Standard & Poor’s sees Greece, Cyprus, Ireland and Portugal as Europe’s “rising stars”.In its analysis entitled “European Developed Markets Sovereign Outlook 2025: At A Crossroads”, Standard & Poor’s stresses, among other things, that the narrowing of yields between the core and peripheral economies underlines the growing importance of Southern European countries as growth engines and successful fiscal consolidation.
Moody’s, in a previous report, stressed that Greece will be the exception in a “stalled” Eurozone, an island of growth.
In fact, it projects that Greece will achieve broadly stable growth until 2033, due to a boost in potential growth of around 0.4 percentage points per year until 2030 from the Recovery and Resilience Fund.
Capital Economics sees another two years of outperformance for Greece relative to the Eurozone, with its debt falling. Greece is expected to show a 2% rate in 2025 and debt is estimated to fall to 147%. As for public finances, it sees a steady improvement, due to disciplined government spending and healthy primary surpluses.
Greece among Europe’s biggest success stories, according to HSBC
In a Europe where the “giants” have become the big weak links, the formerly weak links are doing very well, HSBC pointed out. While the continent’s largest economies face cyclical and structural weaknesses the region has made an impressive turnaround, the British bank notes, singling out the region’s major success stories, including Greece.
The major US bank JP Morgan upgraded Greece from a “neutral” recommendation to an “outperform” recommendation, as it expects higher growth than that of the Eurozone, but also because of the Greek banks’ strong balance sheets.
In fact, it is surprised by Greece’s return and estimates that in 2025, GDP will be more than 20% higher than the 2020 low in real terms.
Bank valuations look cheap and in general he thinks Greek equities in general have room for a strong rise.
The external risks
In the immediate future, the Greek economy is likely to be tested by various, mainly exogenous, risks, which are summarised by the Hellenic Fiscal Council as follows:
– Geopolitical tensions due to the wars in Ukraine and the Middle East.
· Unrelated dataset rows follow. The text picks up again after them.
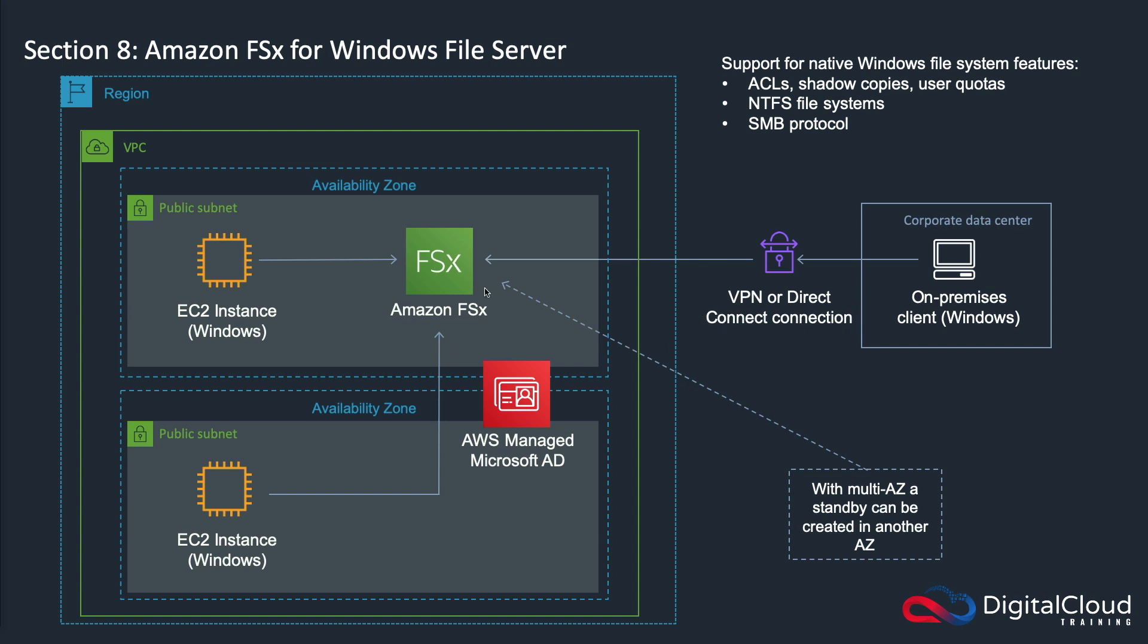You can then talk to a file system, and that file system supports the native Windows file system features such as NTFS file systems and ACLs, shadow copies, and user quotas amongst other features. It's accessed over the server message block or SMB protocol. It's formatted in NTFS and it offers you the same features of a native Windows file system.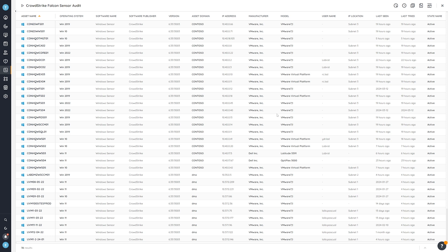One interesting thing you can use to better narrow down which devices might be affected — because not all devices with the sensor are necessarily affected — is the 'Last Seen' column. This shows when that device was last successfully scanned. If it's out of date or older, there's a high likelihood that device has been affected. If you normally scan daily and a device is multiple days old in that column, most likely it's because it's stuck in the BSOD loop and can no longer be scanned.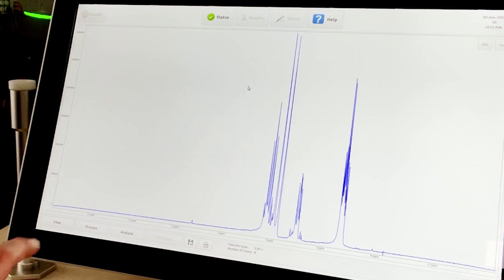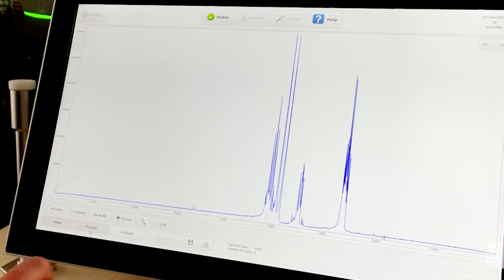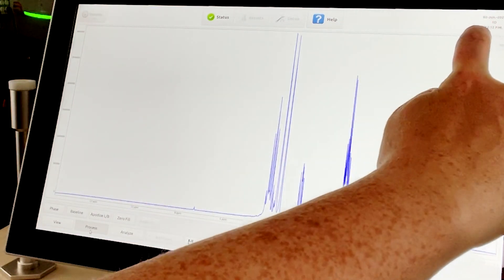Once the acquisition is complete, the user can change their view to observe the FID, for example.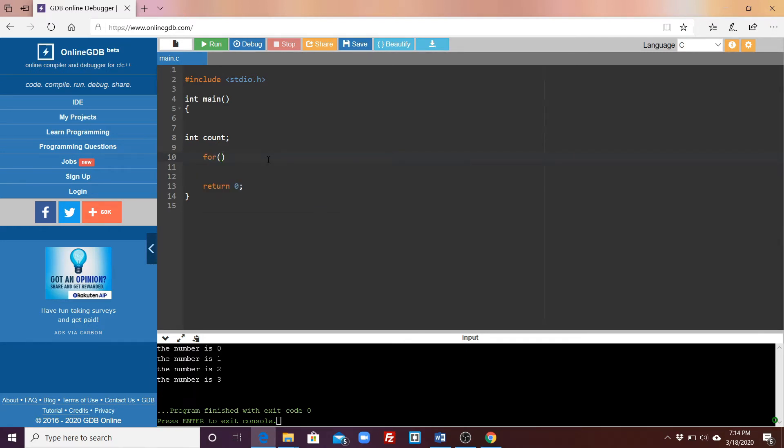All right, so the name of our function this time is for. This function takes three arguments inside the parentheses: one is to initialize the variable, two is to determine the limit, and three is to increment the variable. Each argument is separated by a semicolon.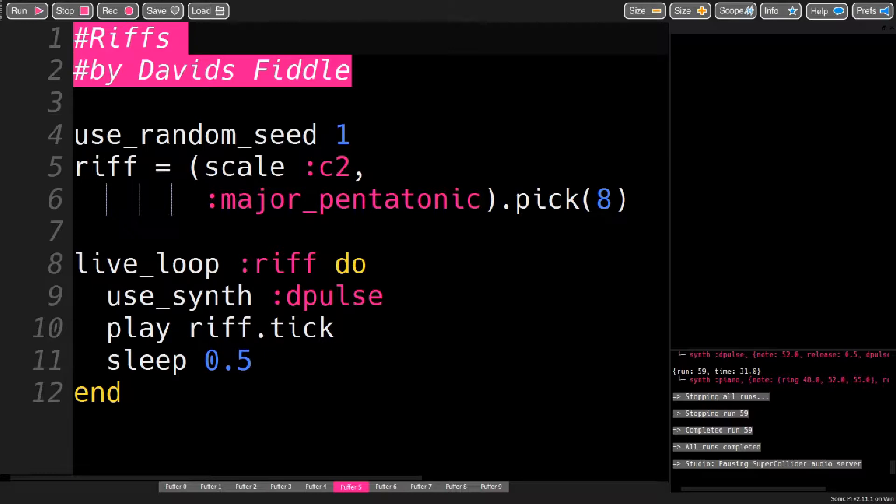A riff is a short repetitive melody, and because it doesn't change, it leaves a lot of freedom for other voices.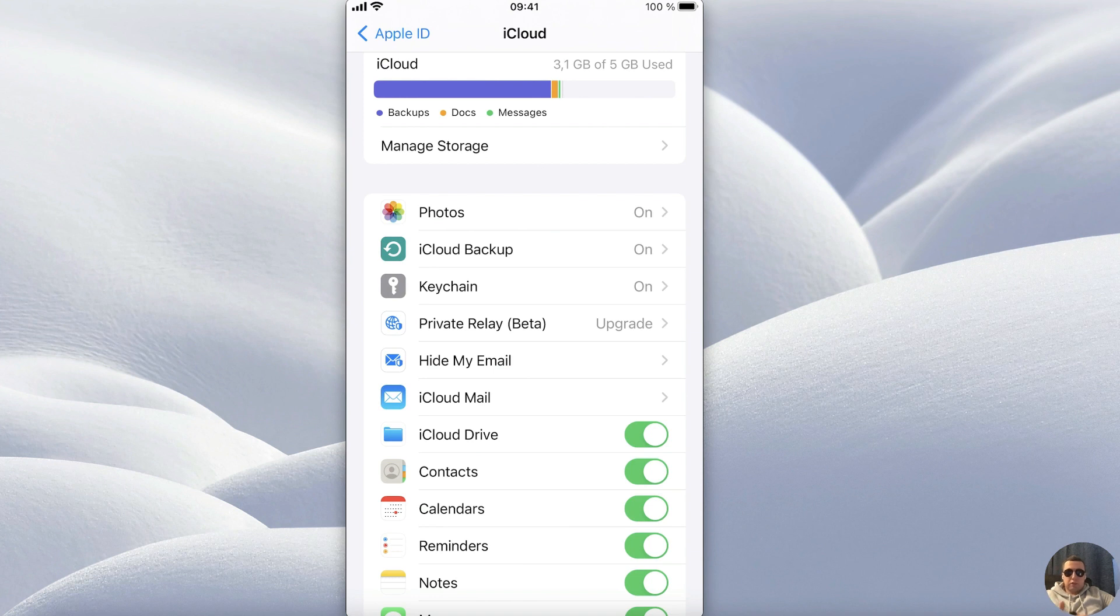This won't get you back a contact that's already been deleted, but it will help to restore contacts in the future.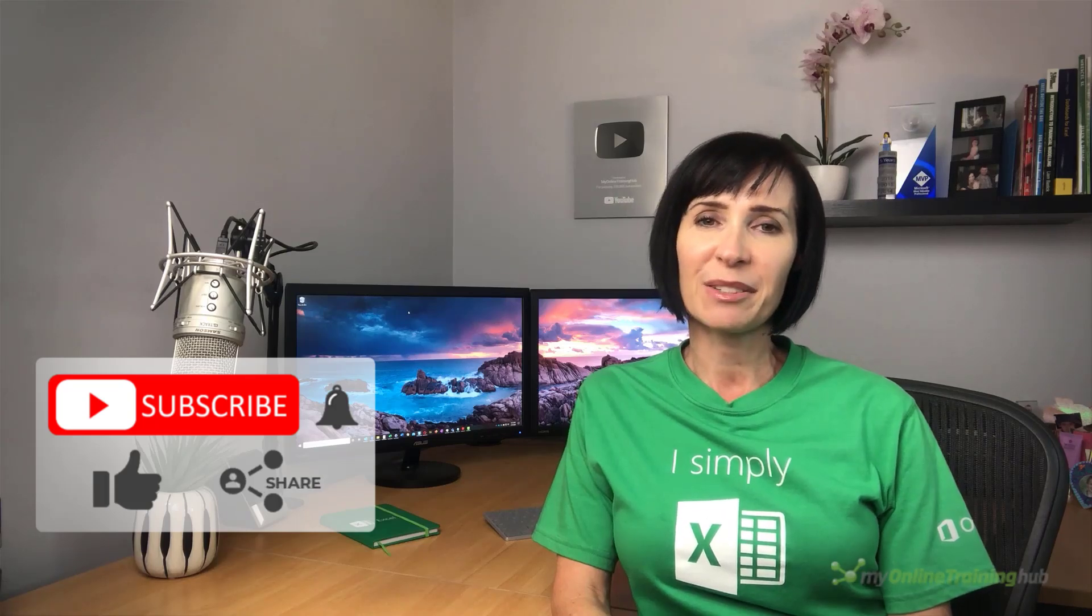And that's all there is to it. You can download the Excel file for this lesson, including the VBA code from the link here. I hope you can make use of this technique. If you like this video, please give it a thumbs up and subscribe to my channel for more. And why not share it with your friends who might also find it useful. Thanks for watching.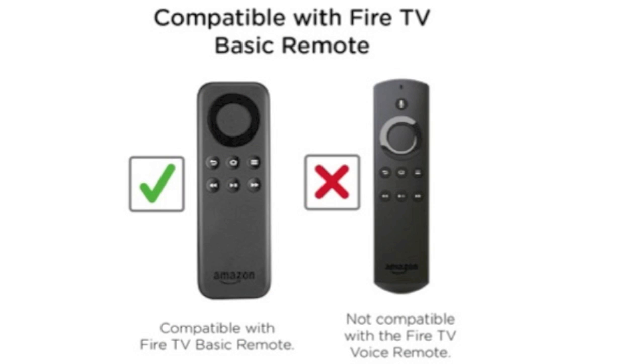Fire TV Stick Remote is only compatible with the basic Fire TV Stick Remote. It is not compatible with the Fire TV Stick Voice Remote.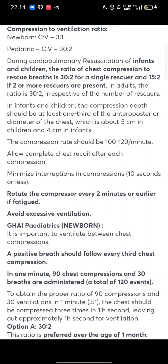In infants and children, the compression depth should be at least one third of the anteroposterior diameter of the chest, which is about 5 cm in children and 4 cm in infants. The compression rate should be 100 to 120 per minute. Allow complete chest recoil after each compression. Minimize interruption in compression, i.e. 10 seconds or less.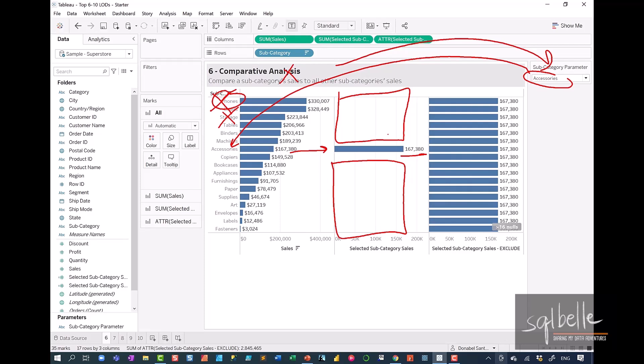We want to have another field that we can use for a mathematical operation. We simply want the difference between the sales and the selected sales. The exclude allows us to do that. It's as if we don't have the subcategory in our view at all. Our expression doesn't even see the existence of subcategory.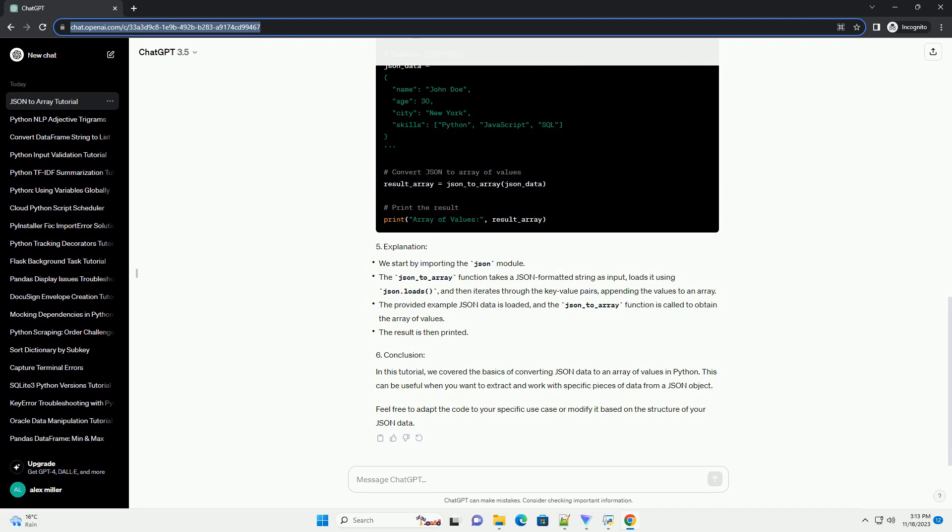Now, let's write a Python script to convert the above JSON data into an array of values. In this tutorial, we covered the basics of converting JSON data to an array of values in Python. This can be useful when you want to extract and work with specific pieces of data from a JSON object. Feel free to adapt the code to your specific use case or modify it based on the structure of your JSON data.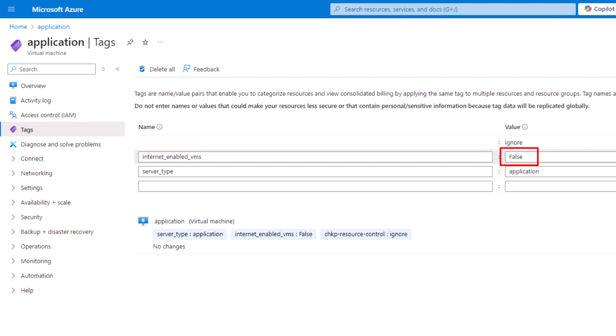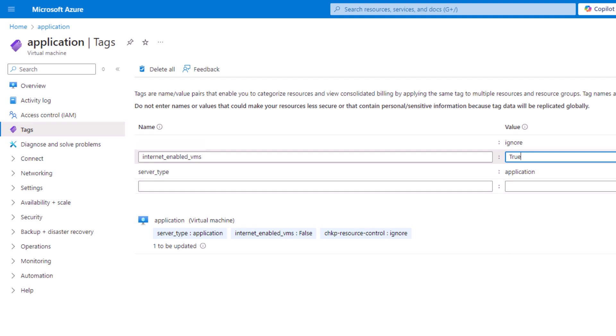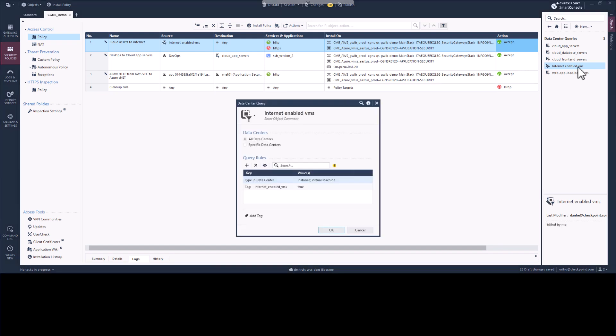Because it is set to False, it will not match any rule in our security policy and the traffic will be dropped. In order to allow this server to access the internet, we need to change the value to True. CloudGuard Controller will automatically detect this change and apply the security rule we created previously.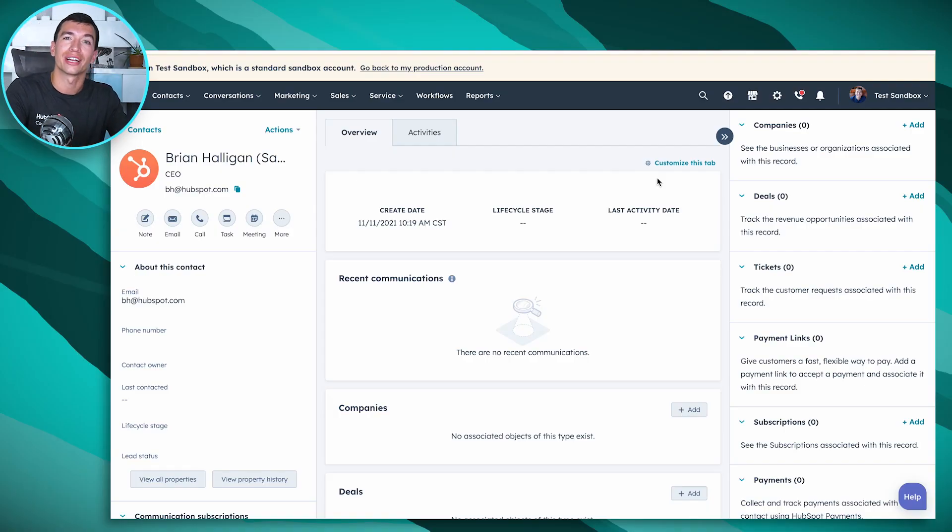Lifecycle Stages are a really simple tool inside of HubSpot, but this simple tool powers a lot about how HubSpot works and how it works to help you grow your business. At its core, Lifecycle Stages are just a setting that you apply to contacts or companies to give you an idea of where they're at in their buyer's journey. I like to think of it as the 10,000 foot view, giving you an idea of where they're at from the very first interaction they could take with your company, all the way through being happy customers that are referring you more business.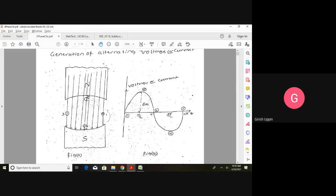In between these positions, from one to two, the EMF generated would be between zero and the peak value Vm in a sinusoidal manner. When this conductor completes one rotation, the EMF induced would look like a complete sine wave — that is how we generate a single-phase voltage. I have one set of coil here and I have induced one set of voltage.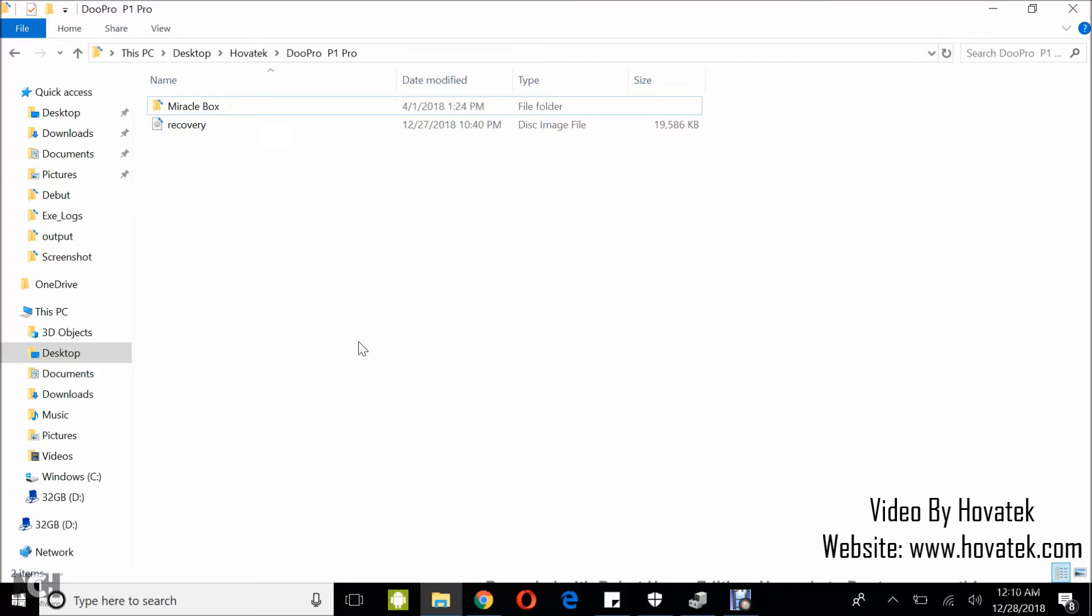In this tutorial, I'll be explaining how to flash a single file to a single partition on a Qualcomm Android device using Miracle Box.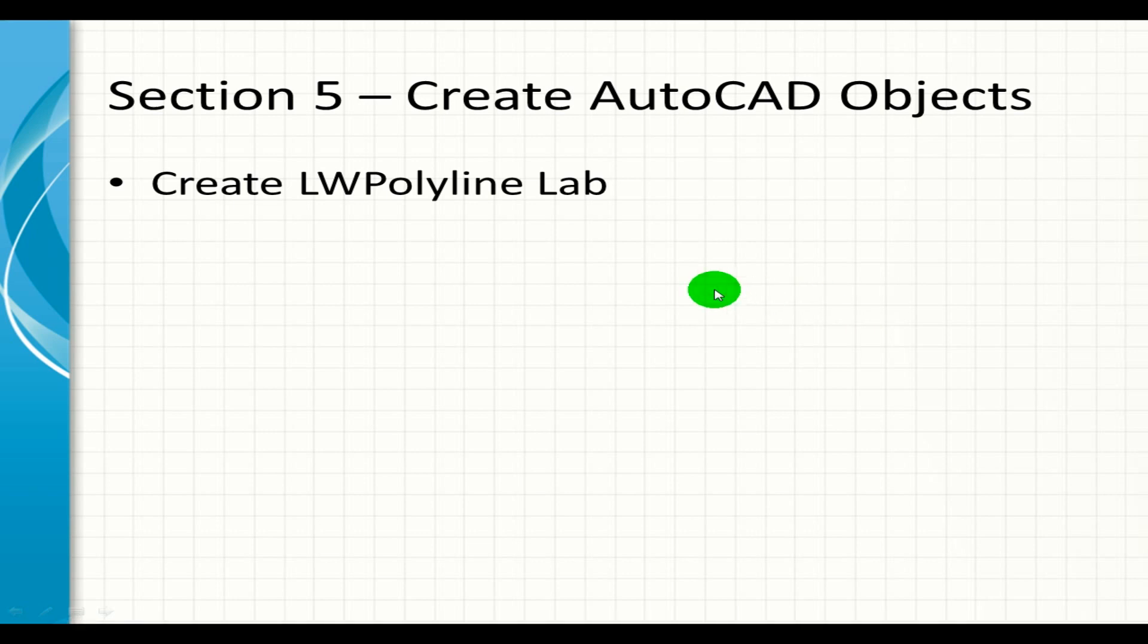Welcome to this lab. In this lab we're going to create a lightweight polyline, so let's continue working on our draw objects project and we will build our method create or draw p line in that project. Let's get going.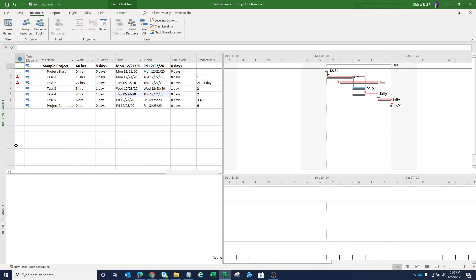So hopefully you found some value in this video and understanding resource optimization techniques within PMBOK around resource leveling, as well as resource smoothing. Thank you very much.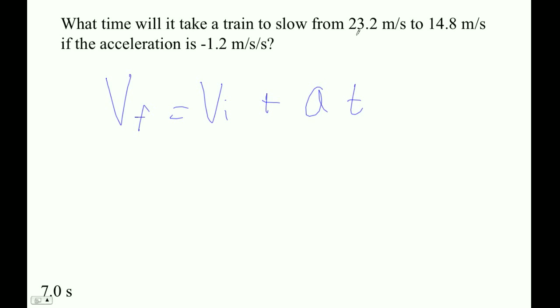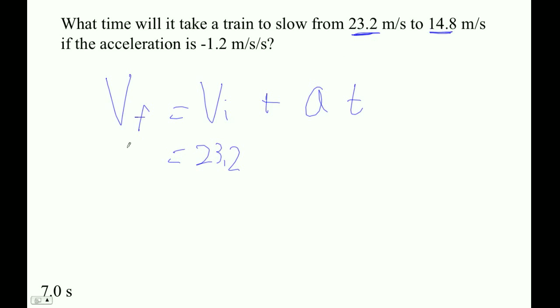All right. So we've got a from and a to — that's initial and final. Initial and final. So 23.2 and 14.8 is our final.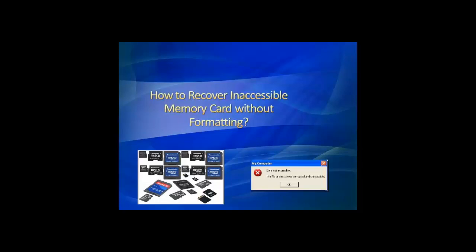Recovery of memory card data without formatting can be achieved by making use of a recover memory card utility. Assume that you have a memory card showing an error message when you are trying to access the storage card.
The geopolitical instability caused by the military conflicts in the region increases, first of all, uncertainty, which may negatively affect the various macroeconomic variables of the Greek economy.
Although the conflicts have recently been characterised by high intensity, at present the global economy does not seem to have been significantly affected.
– Stagnation or even slowdown of European economies, especially the German economy. A large part of the Greek economy’s exports of goods and services are directed to European economies, and a significant part of these are absorbed by the German economy. By extension, stagnation or worse, a recession in the German economy will negatively affect the Greek economy.
– A slowdown in the reduction of ECB interest rates. Since July 2022, in order to address inflationary pressures in the euro area, the ECB has adopted a restrictive monetary policy, although, from September 2023, thanks to the deceleration of inflation, it has been easing monetary policy by lowering key interest rates. Since then, interest rate cuts have continued, albeit at a slow pace.
– Possible tariffs from the new Trump administration. Another source of uncertainty-recession for the European economy has to do with possible tariffs imposed by the new Trump administration in the US, mainly on Europe and China. The Trump administration has imposed significant tariffs on US imports from China since 2018, which have led to a significant increase in US tariff revenues.